I have several suppliers that I like.  Wholesale Supplies Plus, Soaper's Choice, Essential Depot, Brambleberry, Camden Grey, Nature's Garden, and the Herbarie to name a few.  I use Wholesale Supplies Plus as much as I can and whenever their prices are close to the competitors because they don't charge a shipping fee.  Whenever one of them have a good sale on, I usually demonstrate my loyalty.


----------



## kharmon320 (Apr 12, 2013)

I do like Brambleberry's FOs.  They all ship in amber glass bottles, so that should be factored in to the cost.  A lot of other suppliers ship in plastic.  I've also been pleased with the staying power of many of BB's FOs.  It takes me a while to get my order once placed, but I'm on the opposite side of the country.   

WSP also ships in glass bottles, so if you figure shipping is added, it's not a bad deal.  I agree that some of their tactics are deceptive, but I have not yet had a bad experience with WSP.  I do comparison shop and will buy from WSP when it's cheaper.  I buy many of my additives from WSP like calendula petals, clays, etc.

I like Essential Depot for my lye, but that's about all I will buy from them.  The shea butter wasn't quite what I hoped for.  Loved the tallow, but it's expensive.  

Soaper's Choice is good for oils if you buy in bulk.  

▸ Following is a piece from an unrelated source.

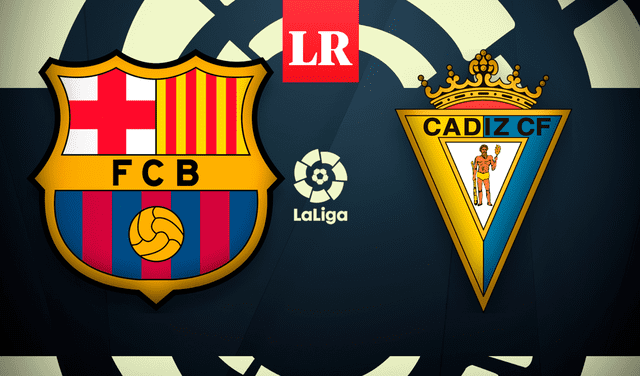 Barcelona vs. Cádiz EN VIVO por LaLiga Santander 2021-22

I do like many of Nature's Garden, Aroma Haven/Rustic Essentials, and DayStar's FO's.  They all ship in plastic, but AHRE uses a harder plastic.  I know I should transfer all my FO's in plastic to glass, but it makes me cringe to think about all those wasted plastic containers.


----------



## Marilyna (Apr 12, 2013)

For FOs I like Candle Source & Bitter Creek North.  I get shea butter and cello bags from Ebay.  I get labels from www.labelsbythesheet.com.  For colorants, TKB Trading (but shipping is slow).  
I do like Brambleberry for a couple of things.  They have good prices on lotion bottles, plus they have a great all around selection, which sometimes comes in handy.
I've been getting my lye & coconut oil from the local grocery store, but when I get bigger will pick up my lye from a local chemical company and order coconut oil from WSP.


----------



## Soapman Ryan (Apr 12, 2013)

kharmon320 said:


> I do like Brambleberry's FOs.  They all ship in amber glass bottles, so that should be factored in to the cost.  A lot of other suppliers ship in plastic.  I've also been pleased with the staying power of many of BB's FOs.  It takes me a while to get my order once placed, but I'm on the opposite side of the country.
> 
> WSP also ships in glass bottles, so if you figure shipping is added, it's not a bad deal.  I agree that some of their tactics are deceptive, but I have not yet had a bad experience with WSP.  I do comparison shop and will buy from WSP when it's cheaper.  I buy many of my additives from WSP like calendula petals, clays, etc.
> 
> ...



kharmon320,
Thanks, that's good to know Brambleberry uses amber glass bottles.


----------